Lech Wałęsa’s autobiography, A Way of Hope,offers a unique first-person perspective from one who has shaped the history of modern Poland. It traces the emergence of a moral dimension and authority by Wałęsa, and explains the distinctive structure, principles, and success of Solidarity. As the titular “Genesis” might suggest, Solidarity is seen here through a distinctively Christian lens. The Catholic Church offered an inclusive and universal structure based on morality and solidarity, one that Wałęsa was quick to associate with and could use to reconcile the workers’ divisions and surmount the state’s authoritarianism. Catholicism had the powerful benefits of an omnipresence and omnibenevolence, of an alluring virtue in both past and future. There is then, an amorphous and indistinguishable trinity between Wałęsa, the workers, and the Church that explains the particular genesis of Solidarity as it arose.
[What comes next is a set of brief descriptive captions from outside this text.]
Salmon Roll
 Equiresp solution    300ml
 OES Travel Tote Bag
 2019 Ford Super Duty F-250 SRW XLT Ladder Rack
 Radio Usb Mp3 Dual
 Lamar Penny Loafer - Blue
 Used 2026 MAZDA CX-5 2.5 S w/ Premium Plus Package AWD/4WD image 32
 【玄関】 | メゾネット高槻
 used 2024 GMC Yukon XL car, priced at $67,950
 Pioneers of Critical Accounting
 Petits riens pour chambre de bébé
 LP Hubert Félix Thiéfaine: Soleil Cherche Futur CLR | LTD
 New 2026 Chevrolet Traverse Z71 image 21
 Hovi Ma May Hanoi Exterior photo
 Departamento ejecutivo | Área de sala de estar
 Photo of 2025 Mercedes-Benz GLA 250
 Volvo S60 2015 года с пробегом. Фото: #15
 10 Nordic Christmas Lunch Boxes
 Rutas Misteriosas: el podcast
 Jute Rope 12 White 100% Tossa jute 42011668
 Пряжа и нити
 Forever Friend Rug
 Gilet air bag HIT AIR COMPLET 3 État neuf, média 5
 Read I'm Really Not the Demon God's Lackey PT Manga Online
In his prelude, Wałęsa gives immediate primacy to the importance of religion, seeing his understanding of “the meaning of the word faith” as integral to his personal philosophy, Solidarity’s ideology, and the Polish historical tradition.[1] A constant undercurrent of Catholicism is present throughout A Way of Hope, one that animates Wałęsa and binds him to Poland. That is precisely the point of the first chapter, titled “Roots,” where Wałęsa weaves his own family’s history and religion against Poland’s, staking his identity as that of the everyman Polish Catholic. Indeed, Roman Laba aptly notes that the public portrayal of Wałęsa has two symbolic sides: as an Everyman and as a Christian.[2] He is effectively making himself a symbol of the current generation in a long line of Catholic tradition, “my faith can be said almost to have flowed into me with my mother’s milk.”[3]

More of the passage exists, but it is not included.